Interestingly this does not happen in isolation; compiling the following module
pub fn foo(a: u64, b: u64) -> u64 { let (r, c) = a.overflowing_sub(b); r.wrapping_sub(0u32.wrapping_sub(c as u32) as u64) } pub fn bar(a: u64, b: u64) -> u64 { let (r, c) = a.overflowing_sub(b); if c { r.wrapping_add(0xffffffff_00000001) } else { r } }
results in identical code for both functions, using a conditional move:
movq %rdi, %rcx subq %rsi, %rcx movabsq $-4294967295, %rax addq %rcx, %rax subq %rsi, %rdi cmovaeq %rdi, %rax retq
Very, very nice. I can confirm that this gives a 100 % speedup (halving the running time) on the rescue_prime_regular/hash_varlen/RescuePrimeRegular / Hash Variable Length/16384 and the a 60 % speedup for the merkle_tree/merkle_tree/65536 benchmark.
Is this a compiler bug that we have uncovered? And if so, do you think it's in LLVM or in the rustc?

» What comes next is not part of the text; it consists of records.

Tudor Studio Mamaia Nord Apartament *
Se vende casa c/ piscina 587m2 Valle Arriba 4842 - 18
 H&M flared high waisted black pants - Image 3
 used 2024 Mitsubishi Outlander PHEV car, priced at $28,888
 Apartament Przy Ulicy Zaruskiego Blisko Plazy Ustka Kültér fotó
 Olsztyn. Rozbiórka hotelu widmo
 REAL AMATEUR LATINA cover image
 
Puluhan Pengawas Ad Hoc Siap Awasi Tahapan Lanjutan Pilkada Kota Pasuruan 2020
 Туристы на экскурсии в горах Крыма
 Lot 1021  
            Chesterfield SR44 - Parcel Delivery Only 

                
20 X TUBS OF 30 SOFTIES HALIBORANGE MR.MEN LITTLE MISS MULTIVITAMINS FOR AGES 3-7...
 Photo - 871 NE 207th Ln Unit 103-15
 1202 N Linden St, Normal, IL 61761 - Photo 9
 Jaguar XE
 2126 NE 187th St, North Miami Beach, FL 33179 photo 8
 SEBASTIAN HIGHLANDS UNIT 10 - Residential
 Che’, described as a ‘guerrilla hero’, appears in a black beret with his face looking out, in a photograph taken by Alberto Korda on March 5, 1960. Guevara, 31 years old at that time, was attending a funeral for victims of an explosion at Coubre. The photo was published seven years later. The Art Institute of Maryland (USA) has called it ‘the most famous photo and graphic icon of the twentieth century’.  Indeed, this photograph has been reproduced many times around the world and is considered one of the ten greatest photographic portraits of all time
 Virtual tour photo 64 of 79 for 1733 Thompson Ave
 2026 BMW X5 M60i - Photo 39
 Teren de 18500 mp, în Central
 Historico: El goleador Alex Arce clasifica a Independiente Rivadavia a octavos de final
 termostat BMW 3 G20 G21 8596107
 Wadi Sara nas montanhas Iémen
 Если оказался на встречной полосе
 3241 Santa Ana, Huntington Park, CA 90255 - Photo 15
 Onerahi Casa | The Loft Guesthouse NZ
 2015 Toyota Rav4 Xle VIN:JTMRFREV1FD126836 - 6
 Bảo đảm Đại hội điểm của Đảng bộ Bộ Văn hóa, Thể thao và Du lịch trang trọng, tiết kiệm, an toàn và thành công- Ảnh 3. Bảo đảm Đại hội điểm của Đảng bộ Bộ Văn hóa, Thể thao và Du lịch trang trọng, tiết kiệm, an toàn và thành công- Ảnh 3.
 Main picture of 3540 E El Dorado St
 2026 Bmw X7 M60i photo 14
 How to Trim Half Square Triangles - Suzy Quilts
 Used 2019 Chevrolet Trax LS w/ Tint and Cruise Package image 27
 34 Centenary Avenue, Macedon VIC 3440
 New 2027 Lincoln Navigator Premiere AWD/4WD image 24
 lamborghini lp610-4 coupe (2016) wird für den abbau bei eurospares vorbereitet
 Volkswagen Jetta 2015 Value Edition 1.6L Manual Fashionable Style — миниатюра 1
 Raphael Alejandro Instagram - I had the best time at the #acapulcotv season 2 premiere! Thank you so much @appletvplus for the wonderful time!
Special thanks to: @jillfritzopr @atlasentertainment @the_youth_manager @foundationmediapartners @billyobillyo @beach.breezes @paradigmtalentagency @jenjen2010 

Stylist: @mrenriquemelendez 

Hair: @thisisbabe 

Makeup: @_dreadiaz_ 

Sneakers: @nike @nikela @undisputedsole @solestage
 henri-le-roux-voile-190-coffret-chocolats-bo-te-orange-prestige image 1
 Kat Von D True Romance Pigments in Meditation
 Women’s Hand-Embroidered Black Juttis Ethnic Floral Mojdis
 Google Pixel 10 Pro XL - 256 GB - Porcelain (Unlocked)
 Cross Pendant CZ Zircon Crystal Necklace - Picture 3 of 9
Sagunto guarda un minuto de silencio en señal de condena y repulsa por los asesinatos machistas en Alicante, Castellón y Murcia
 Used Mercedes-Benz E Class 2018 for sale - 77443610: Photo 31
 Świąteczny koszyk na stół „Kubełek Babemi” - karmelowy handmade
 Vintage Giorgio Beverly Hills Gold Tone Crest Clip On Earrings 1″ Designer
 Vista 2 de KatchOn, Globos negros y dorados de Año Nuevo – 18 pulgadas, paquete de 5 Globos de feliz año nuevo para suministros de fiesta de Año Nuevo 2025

Thank you so much for uncovering this.
It's a missed optimization opportunity for sure; I find it hard to call it a bug (the code works, after all, and the missed optimization is only this impactful because this is a hot inner loop). The Rust compiler itself does not do any arithmetic optimizations, that's all LLVM. (But rustc can influence the optimization passes, so it's not completely off the hook.)
I think a minimal example of this could be interesting to both the Rust and the LLVM developers.
I quite like the way to communicate which methods you have tried, and what the running times of those respective ways are.
Sword-Smith added a commit that referenced this pull request
- Avoids all branching (conditional jumps) in B field addition, see #70 - Makes the Rescue Prime round constants and matrices into const B field elements, as opposed to const u64 that had to go through `montyred` at runtime. Co-authored-by: Ferdinand Sauer <ferdinand@neptune.cash> Co-authored-by: Bertram Felgenhauer <int-e@gmx.de>
Some snippets to perform this analysis. Full credit goes to @int-e
# Look at the latest release build. You might want to run `cargo clean` followed by a benchmark for these files to be present. > find target -name twenty_first\* target/release/deps/twenty_first-60caca2773f2357d.d target/release/deps/twenty_first-60caca2773f2357d target/release/deps/twenty_first-242087d812946d75.d # Find the relevant function from the assembly/llvm > nm target/release/deps/twenty_first-60caca2773f2357d | grep xlix 00000000000b9050 t _ZN12twenty_first11shared_math20rescue_prime_regular18RescuePrimeRegular10xlix_round17he700661c81f8c263E.llvm.5740233521524750972 # inspect the object file (compiler output) with `objdump` and attempt to look for expensive instructions like `jb`. > objdump --disassemble=_ZN12twenty_first11shared_math20rescue_prime_regular18RescuePrimeRegular10xlix_round17he700661c81f8c263E.llvm.5740233521524750972 target/release/deps/twenty_first-60caca2773f2357d [about 4000 lines of disassembly for twenty_first::shared_math::escue_prime_regular::RescuePrimeRegular::xlix_round()
http://paste.debian.net/plain/1265025
For isolated examples you can use
rustc -O --emit=asm --crate-type=lib <filename>
The latter command will not work if there are external dependencies. It will output a *.s file that will contain the produced assembly.